Scientists have calculated that volcanoes emit between about 130-230 million tonnes (145-255 million tons) of CO2 into the atmosphere every year (Gerlach, 1999, 1992). This estimate includes both subaerial and submarine volcanoes, about in equal amounts. Emissions of CO2 by human activities, including fossil fuel burning, cement production, and gas flaring, amount to about 22 billion tonnes per year (24 billion tons) [ ( Marland, et al., 1998) – The reference gives the amount of released carbon (C), rather than CO2.]. Human activities release more than 150 times the amount of CO2 emitted by volcanoes–the equivalent of nearly 17,000 additional volcanoes like Kilauea (Kilauea emits about 13.2 million tonnes/year)!”
Source USGS Article:
http://volcanoes.usgs.gov/Hazards/What/VolGas/volgas.html
Also note that this was in relation to the discussion regarding 12/13 C isotopes not 14C. Also, you need to be aware of the Oxygen isotopes in the compound as in combination they may form a source “tag”.
Dave Cooke
cat black says
re #328 [what temp] This is very nice. Yes let’s debate what is the proper temperature for the planet. Hmm let’s see… so how about we adjust the thermostat a bit to help the New Yorkers with their winters, oh and give Canada a longer growing season, and then… plunge the American Mid West into a permanent drought? And maybe sub-Saharan Africa as well? Oh and maybe submerge half the islands of the South Pacific under permanent high tides? And thaw the Arctic Circle to the destruction of vast tracts of forest land and entire species assemblages.
Kind of a silly question, don’t you think? And notice you’re not asking THOSE affected people what they want. Sad thing is, the economies with the most to gain short-term from global warming are also the ones burning most of the fossil fuels, so the politics of “what is the best temperature” are already in play.
We suck. I really mean that.
Ike Solem says
Hey Dave,
The sources of the increased CO2 in the atmosphere have been pinned down; the lines of evidence are a) carbon-14 dating of tree rings, b) the Mauna Loa CO2 record (and records of human fossil fuel use), c) the greenland and antarctic ice core measurements of preindustrial atmospheric CO2 levels, and d) the relatively higher CO2 concentrations in the Northern Hemisphere, where most of the fossil fuel is consumed. There is no question about where the additional CO2 in the atmosphere is coming from – and notice also that volcanic releases were also part of the pre-industrial atmospheric CO2 budget, as recorded in the ice cores.
Recall that the original thread was about the role of El Nino in current weather conditions in the US, and whether or not these conditions can all be assigned to El Nino, which is the ‘official position’ of NWS and NOAA, apparently. Now, some people are saying that It’s the North Atlantic Oscillation – after all, El Nino is no explanation for record temps in Moscow.

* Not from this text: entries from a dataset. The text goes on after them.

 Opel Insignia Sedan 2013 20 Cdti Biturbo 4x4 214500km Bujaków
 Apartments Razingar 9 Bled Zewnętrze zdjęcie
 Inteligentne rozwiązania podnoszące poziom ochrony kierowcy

These patterns all fit in with what’s to be expected under global warming. It’s not a robust El Nino year, anyway – look at the graphs I posted in #317 and compare the 1998 very strong El Nino to the present one. Note also the current hurricane-force storms smashing into Europe – while none of these weather events can be ascribed to specific causes, the totality adds up to what global warming predicts.

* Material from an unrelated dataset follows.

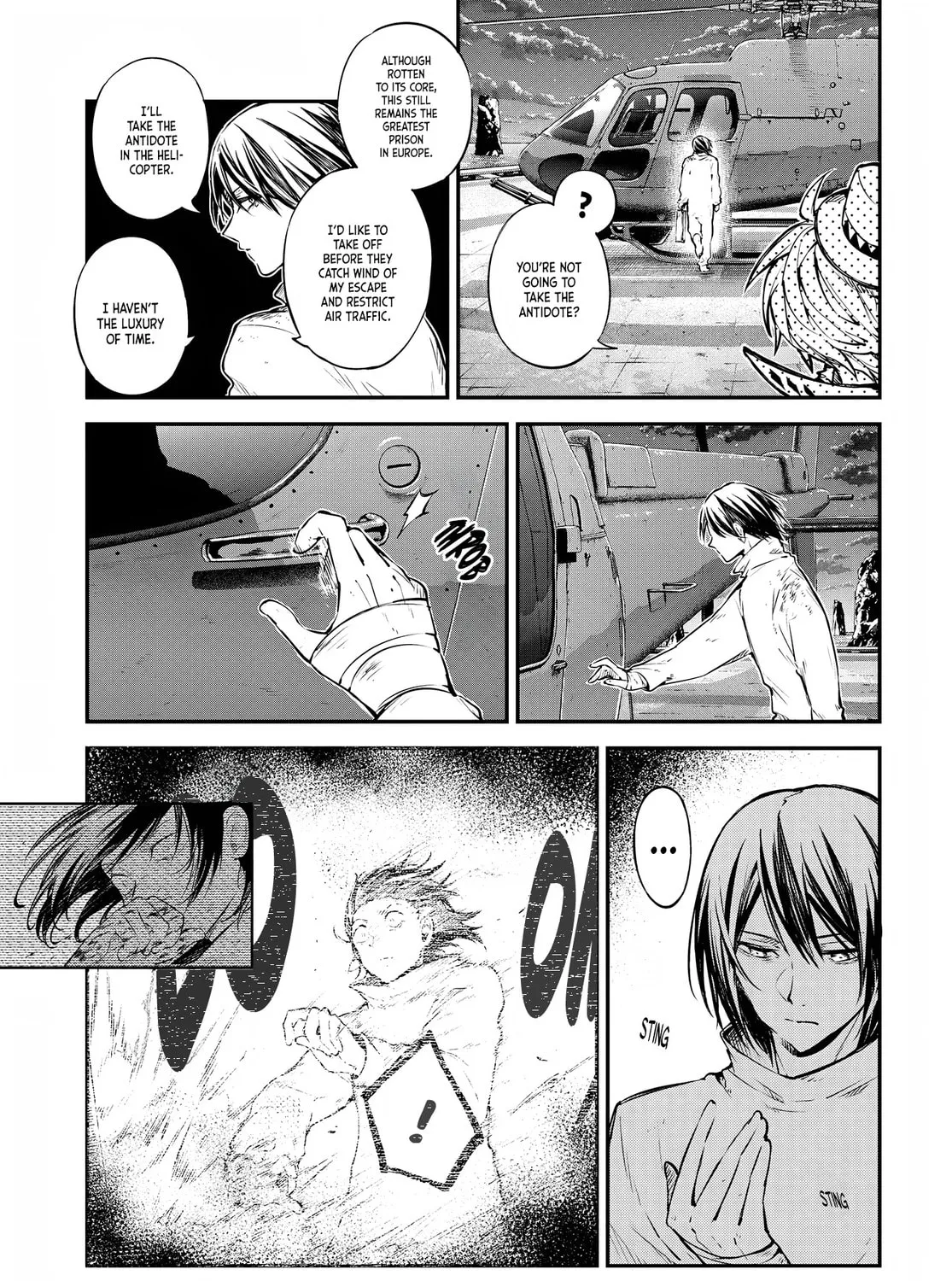 Bungo Stray Dogs β Chapter 111 β Page 13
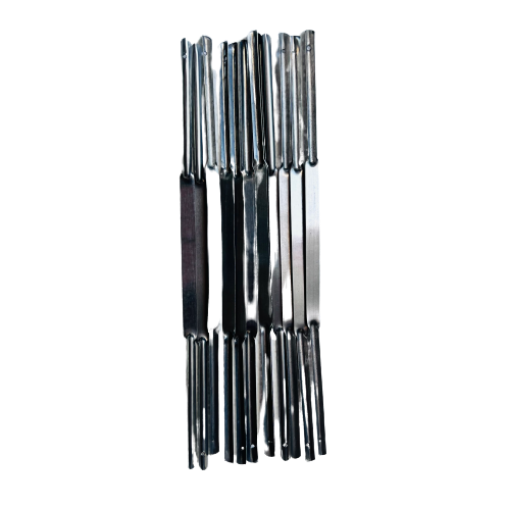 Picture of Tongue Cleaner (2 Nos, Stainless Steel)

One bizzare switch is Patrick Michael’s piece in the American Spectator. Michaels, the author of “The Satanic Gases”, is now saying this: “That, coupled with the people’s general satisfaction with the warm winter and their prosperity as the planet warms, should provoke the real debate concerning global warming. If, in fact, we can develop technology to choose the planet’s mean temperature, where should we set it?” It’s just the next PR position for the ExxonMobil and CO2science crowd – “global warming is good for you!”

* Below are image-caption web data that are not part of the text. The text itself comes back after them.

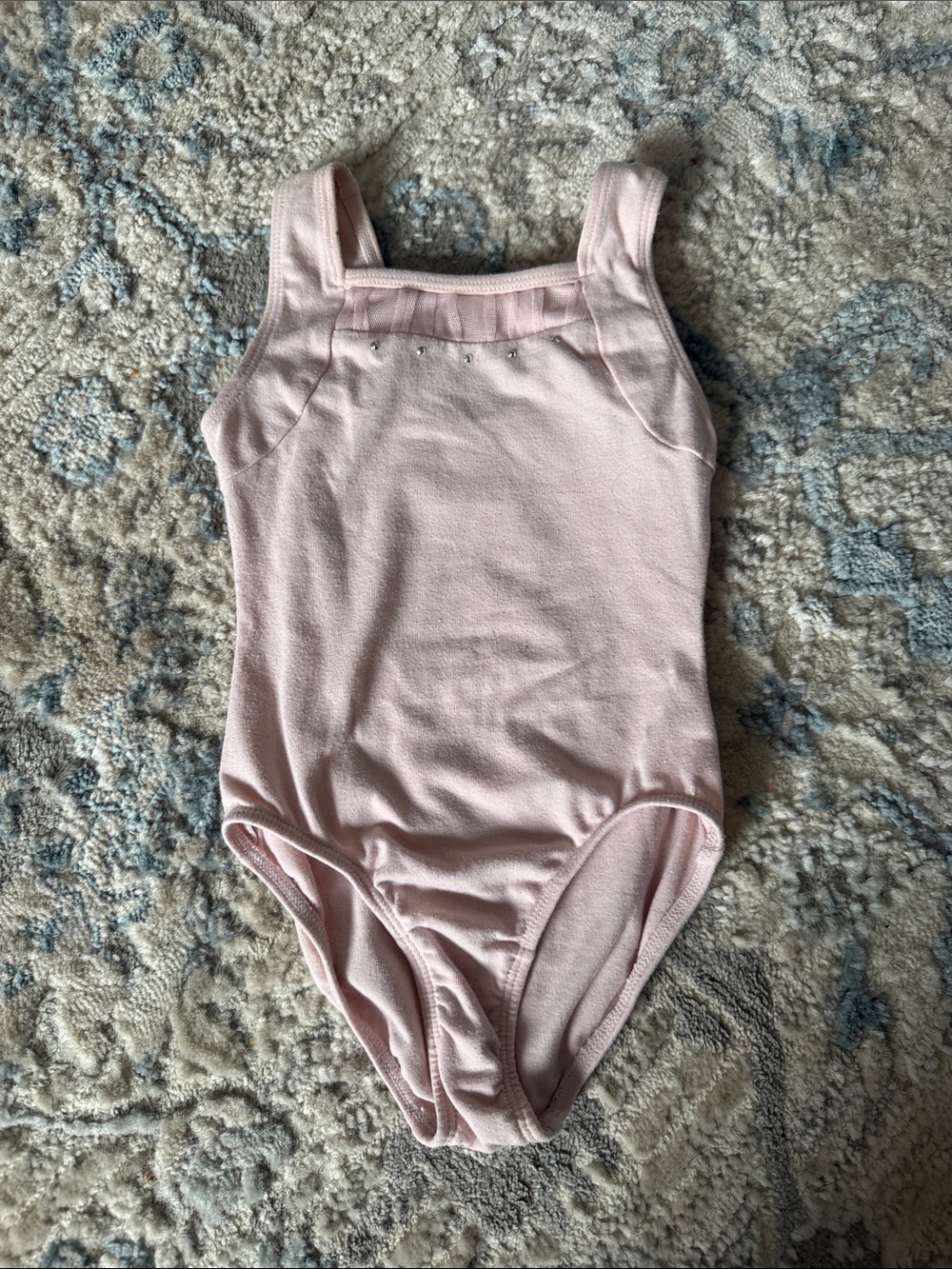 Freestyle Light Pink Tank Style One-Piece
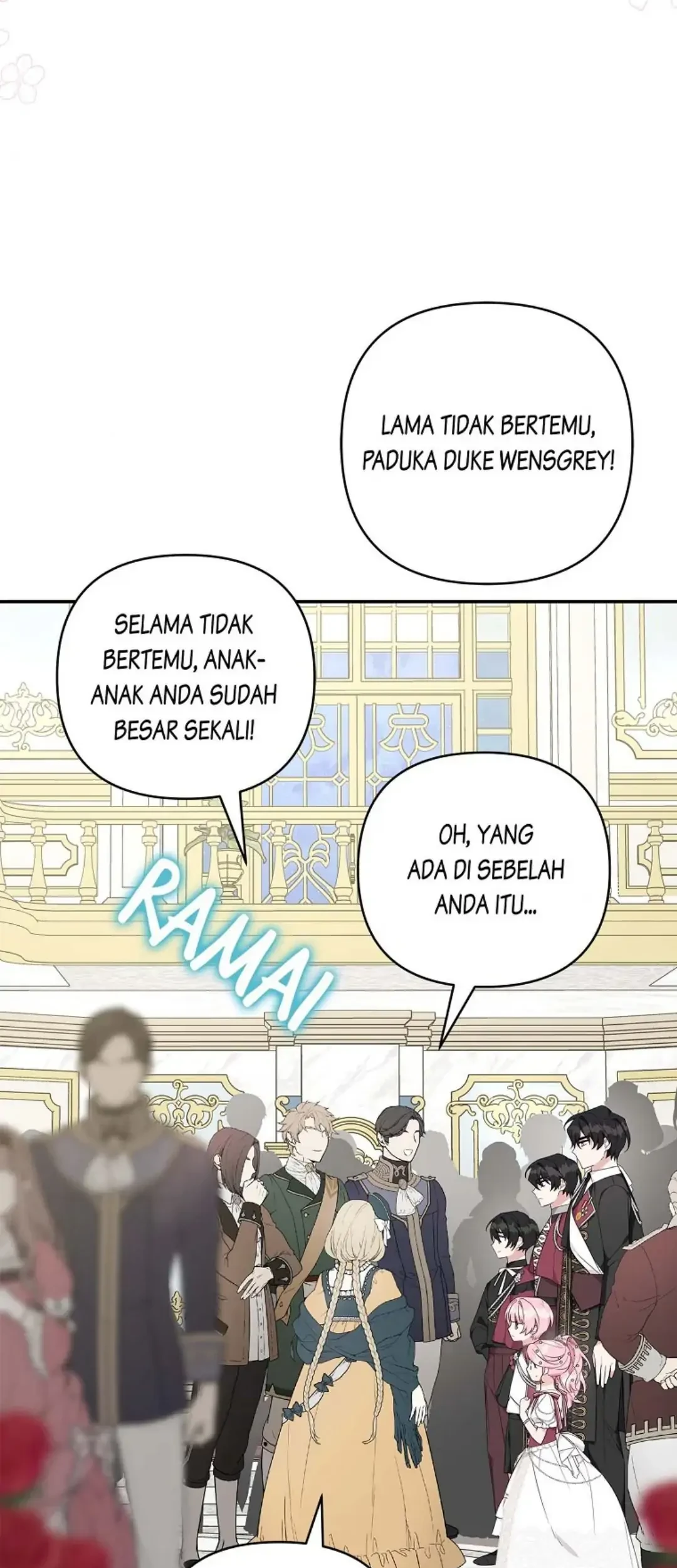 The Little Lady Behind the Villain Chapter 33 - halaman 7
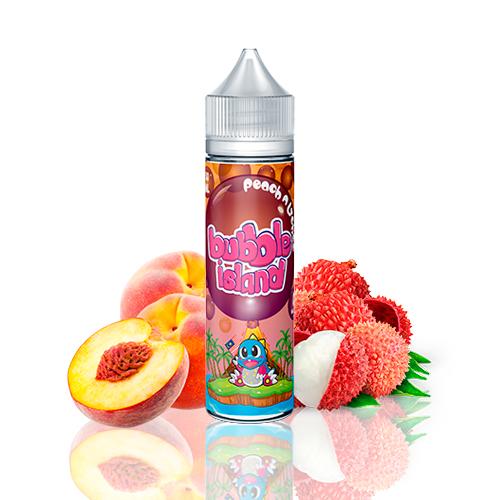 Bubble Island - Peach N Lychee 50ml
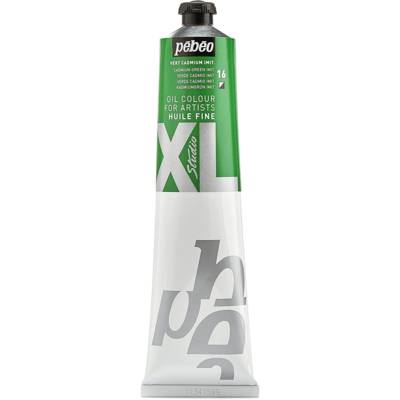 Tube 200ml Peinture Huile Fine Studio XL Vert cadmium imitation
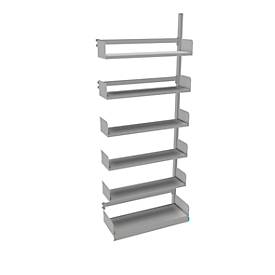 Variabo Freiarmregal, Anbaufeld, einseitig, 250 mm Fachbodentiefe, 1000 x 2500 mm
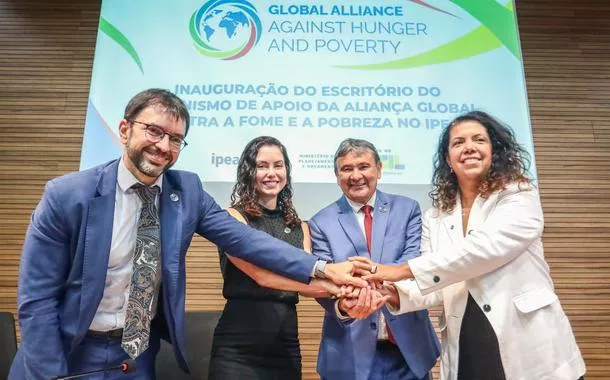 Aliança Global contra a Fome e a Pobreza abre escritório regional em Brasília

Of course, he doesn’t reference or discuss The Stern Report on the economic effects of global warming; nor does he reveal his extensive funding from fossil fuel associations (RE#330, keep in mind this is a PR piece by the coal/oil industry – not exactly “we”). He ends his piece with “the futility of attempting to stop warming with impotent legislative acts” – which is what he’s paid to say.
L. David Cooke says
RE: #331
Hey Ike;
First, your attribution of the current Jet Stream abnormalities to GW is an interesting assumption. That there are deviations from the normal elliptic pathways in the upper 40’s or lower 20’s has happened throughout nautical observations for hundreds of years. The hurricane events of clustered sever storms in the northern Caribbean were the scourge of the Spanish Treasure Ships. If anything, it appears that because we have improved our ability to see the mechanisms of weather and the description of climate that comes from repeated weather characteristics we have the impression that the variability we are experiencing is “special”.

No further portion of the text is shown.